To make the best pancake, take two or three eggs, and break them into a dish, and beat them well; then add unto them a pretty quantity of fair running water, and beat all well together; then put in cloves, mace, cinnamon, and nutmeg, and season it with salt: which done, make it thick as you think good with fine wheat flour; then fry the cakes as thin as may be with sweet butter, or sweet seam [fat, grease, or lard], and make them brown, and so serve them up with sugar strewed upon them. There be some which mix pancakes with new milk or cream, but that makes them tough, cloying and not crisp, pleasant and savoury as running water.

Markham may have preferred pancakes made with water, but his recipe would be self-defeating as far as Shrove Tuesday is concerned when the point is to eat up as much butter and cream as possible (it isn’t called Fat Tuesday for nothing). And such pancakes aren’t only eaten; they’re also tossed in the air in a custom known as “pancake races,” held in villages throughout the UK since long before Markham put pen to paper and continuing to this day. The most famous such race, according to Ronald Hutton’s The Stations of the Sun: A History of the Ritual Year in Britain, “is confined to adult women [who] run from the market square to the church, using standard-sized frying pans in which each pancake must be tossed at least three times en route.” Regulations are strict: all contestants must wear aprons and headscarves, and the course run must measure exactly 380 meters/415 yards.



I’m not aware of any such custom here in the US, but what we lack in the way of pancake racing we more than make up for in the quaint and quirky names we give our pancakes. Flapjacks, for instance, for which The Dictionary of American Regional English provides the following synonyms: "Flapjack. 1. A pancake. Also called clapjack, flapcake, flapover, flatcake, flatcjack, flipjack, flipper, flopjack, flopover, slapjack.”

And that’s not to mention the more familiar hotcake, griddlecake, hoecake (perhaps cooked on hoes propped over an open fire), or johnnycake (traditionally made from Rhode Island’s Narragansett white-cap corn and often believed to have evolved from “journey cake”). 

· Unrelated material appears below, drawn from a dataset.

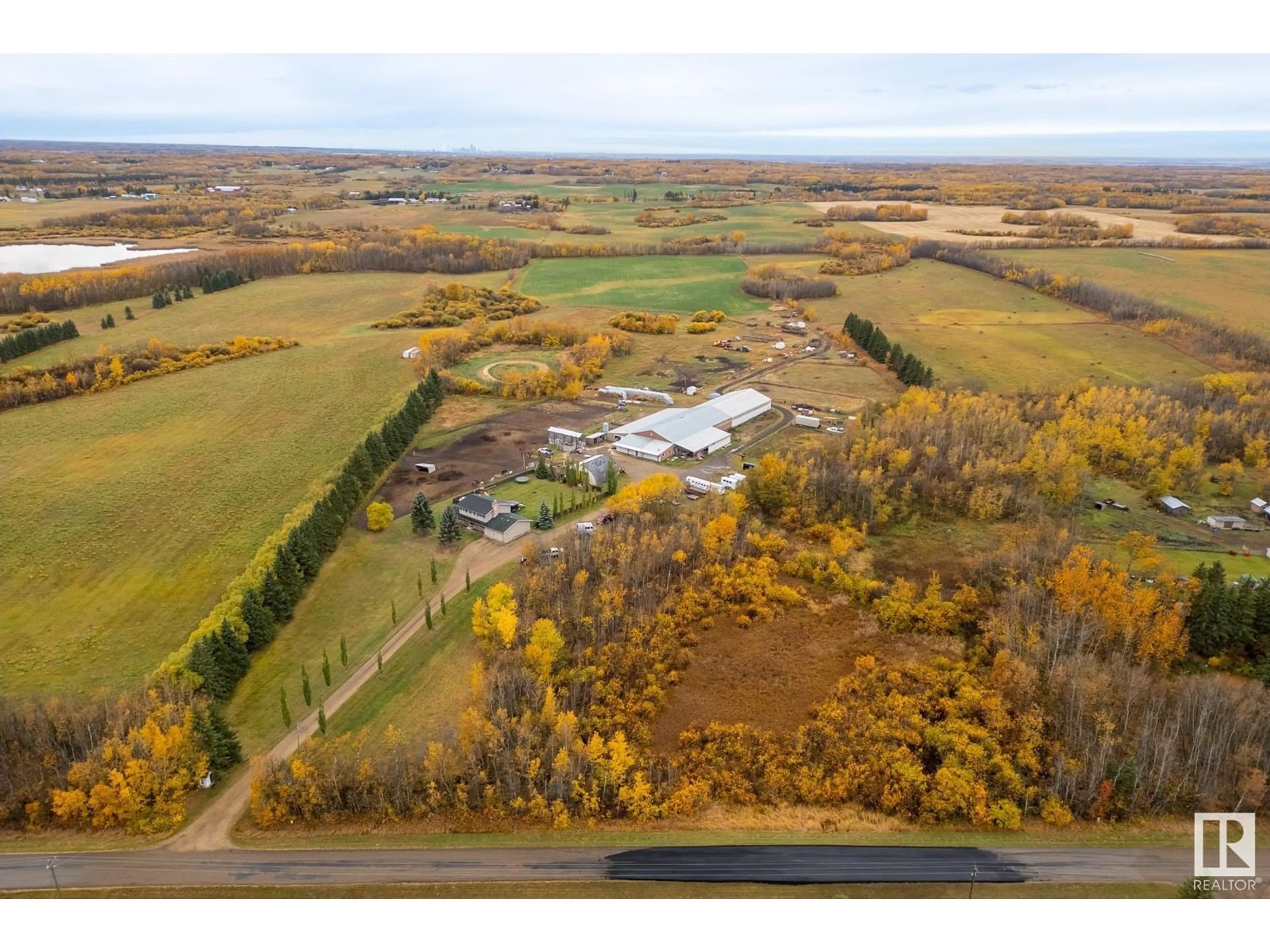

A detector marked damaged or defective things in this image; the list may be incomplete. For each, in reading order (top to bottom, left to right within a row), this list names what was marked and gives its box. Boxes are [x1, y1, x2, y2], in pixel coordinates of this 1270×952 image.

black asphalt patch on road [604, 848, 1031, 889]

All this history aside, my own personal pancake preference tends toward a heartier batter than the one Markham touted in his English Housewife. I’d rather my pancakes not be quite as flat as, say, a pancake. Since I've almost always got a container of buttermilk in the fridge and a box of baking soda in the cabinet, I can stir up thick batters at a moment’s notice. Like the following one, which is sort of Scottish (the oats and the buttermilk) and sort of American (the maple syrup) all at the same time, and so should satisfy eaters on either side of the Atlantic.

                                                   Oatmeal Pancakes
(makes about 12 4” pancakes)

              1 cup rolled oats                                  2 tablespoons sugar
              1 cup buttermilk                                  1 teaspoon baking soda
              1 egg                                                    1 teaspoon baking powder
              1/2 cup water                                       2 tablespoons maple syrup
              1 cup all-purpose flour                        3 tablespoons vegetable oil
                                                          

Pour the buttermilk over the oats & let stand for 15 minutes or so. Add everything else and stir until incorporated. Ladle about ¼ cup of batter onto a hot griddle (which I don't bother to grease) & when the the edges look firm & the bottom is golden-brown (you can peek under to check), flip to cook the other side. You don’t need me to tell you to serve the pancakes with whatever you like—syrup, jam, cinnamon & sugar—but I will say that oatmeal pancakes are especially good with warm apple sauce or apple slices sauteed in butter and sprinkled with cinnamon & sugar.